Köln (KNA) – Viele kennen es von Reisen ins Ausland: Für den Besuch einiger Kirchen müssen Touristinnen und Touristen Eintritt zahlen. Der Kölner Dom zieht nun nach. Mit sechs Millionen Besucherinnen und Besuchern gehört das Weltkulturerbe zu den beliebtesten Sehenswürdigkeiten in Deutschland. Wer künftig wie viel zahlen muss.
Wie hoch ist der Eintritt und wer muss ihn zahlen?
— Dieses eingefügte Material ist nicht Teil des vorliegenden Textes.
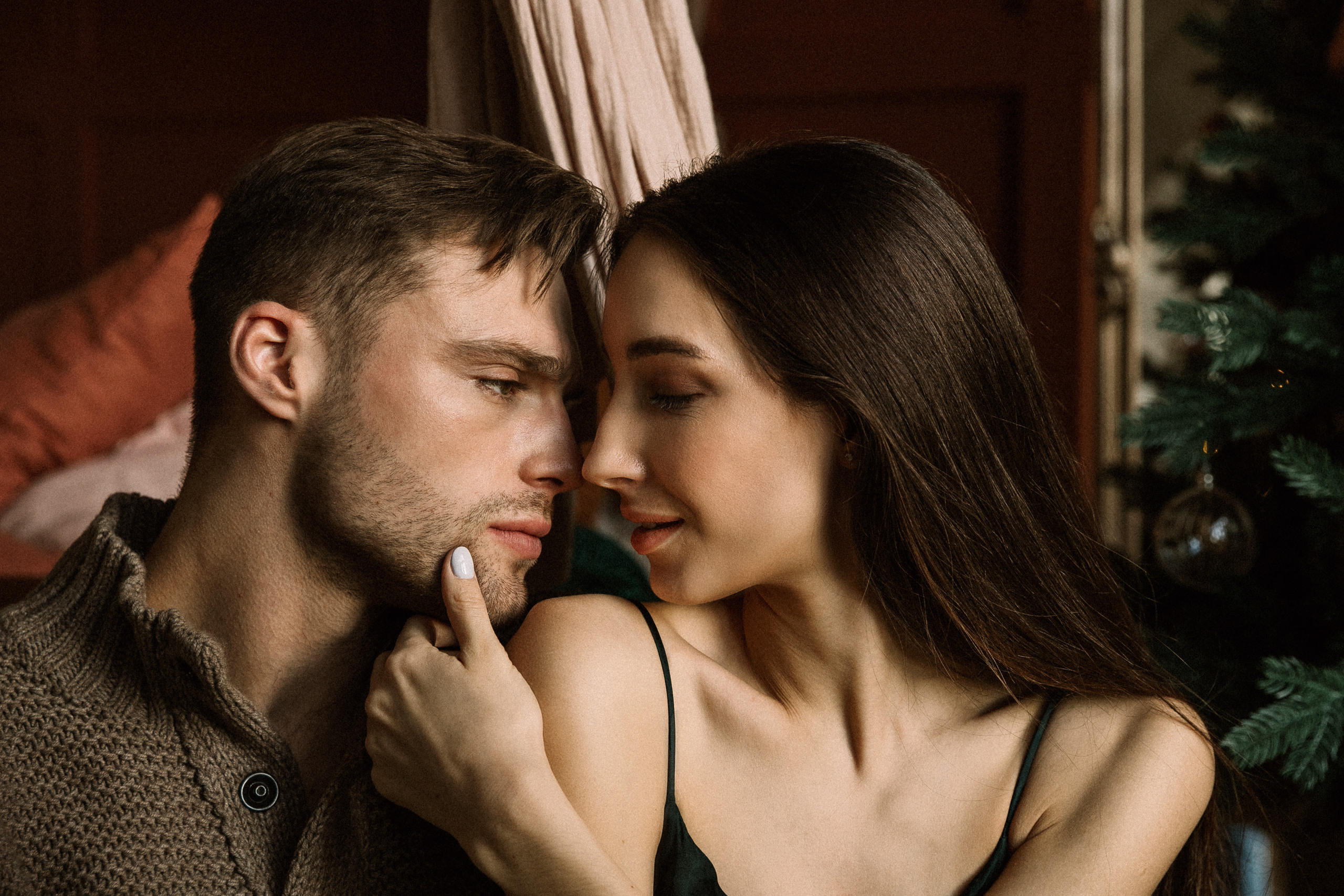 Уютно. Женский и семейный фотограф в Туле Катя Вуколова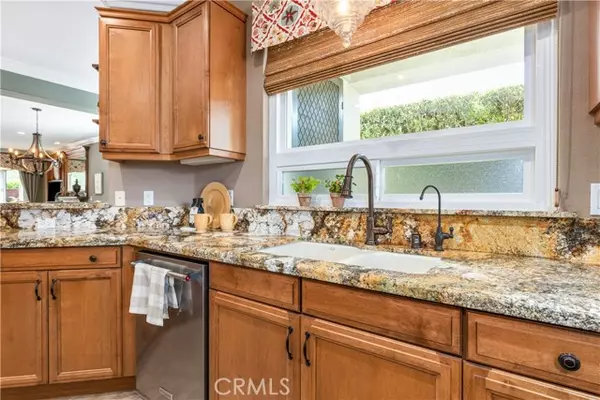 Paso Robles, CA 93446,2671 Traditions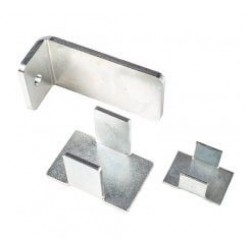 
                            Suport de lucru pentru masinile Nebes 711                        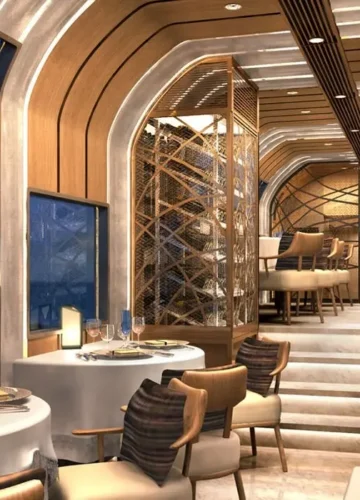 Luxury Japan Travel Etiquette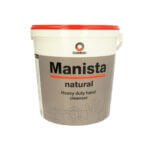 Autoport / Аутопорт e онлайн магазин за лесен и удобен начин за поръчка на гумени стелки, мокетни стелки, моторни масла, добавки, и автоаксесоари. С любезно обслужване и бърза доставка! #авточасти, #аутопорт, #autoport, #автоаксесоари, #онлайнмагазин, #гуменистелки, #мокетнистелки, #моторнимасла, #автомасла, #автомобилниаксесоари, #автомагазин, #автопродукти, #бързадоставка, #качественипродукти, #автолюбители, #автосервиз, #грижаезапревозното, #автотовари, #резервничасти, #маслазадвигател, #добавкизамасло, #caraccessories, #autoparts, #carlovers, #carcare, #motoroil, #fastdelivery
Touristische Besucherinnen und Besucher müssen künftig in der Regel 12 Euro Eintritt zahlen. Wer eine Kerze anzünden oder beten will, kann das weiterhin kostenfrei tun. Für diese Personen ist ab Mittwoch der Nordeingang des Kölner Doms vorgesehen. Von dort aus haben sie jedoch nur eingeschränkten Zugang zur Kirche. Eine Gesinnungsprüfung beim Einlass wird es laut Dompropst Guido Assmann nicht geben. Sprich: Wer mal kurz in den Dom schauen will, kann das über den Nordeingang tun, wird dann aber nicht alles sehen. Auch für Gottesdienstbesucher bleibt der Dom kostenfrei geöffnet - über das Nordportal und zu größeren Gottesdiensten auch über das Hauptportal im Westen.
Wer bekommt sonst noch kostenfreien Eintritt?
Gratiszugang erhalten zudem Kinder bis 13 Jahre sowie Menschen mit Schwerbehinderung und eine Begleitperson. Mitglieder des Zentral-Dombau-Vereins müssen ebenfalls keinen Eintritt für die Kathedrale zahlen, weil sie sich mit ihren Mitgliedsbeiträgen bereits an deren Erhalt beteiligen. Für jeden gratis geöffnet ist der Dom zudem am 1. Mai, am 3. Oktober, in der Langen Nacht der Kirchen in Köln, während der Dreikönigswallfahrt und zum Dreikönigsfest - also am 6. Januar bis zum darauffolgenden Sonntag.
Für wen gelten Ermäßigungen?
Ermäßigte Tickets für 6 Euro erhalten Schülerinnen und Schüler ab 14 Jahren, Auszubildende, Studierende, Begleitpersonen von Schulgruppen und Inhaber von Sozialpässen aus allen nordrhein-westfälischen Kommunen. Rentnerinnen und Rentner müssen den vollen Preis zahlen.
Gibt es Kombi-Tickets?
Nein, wer das Domschatzmuseum besuchen oder eine Turmbesteigung machen möchte, muss extra zahlen. Auch Teilnehmerinnen und Teilnehmer einer Gruppenführung müssen zusätzlich den Eintritt entrichten.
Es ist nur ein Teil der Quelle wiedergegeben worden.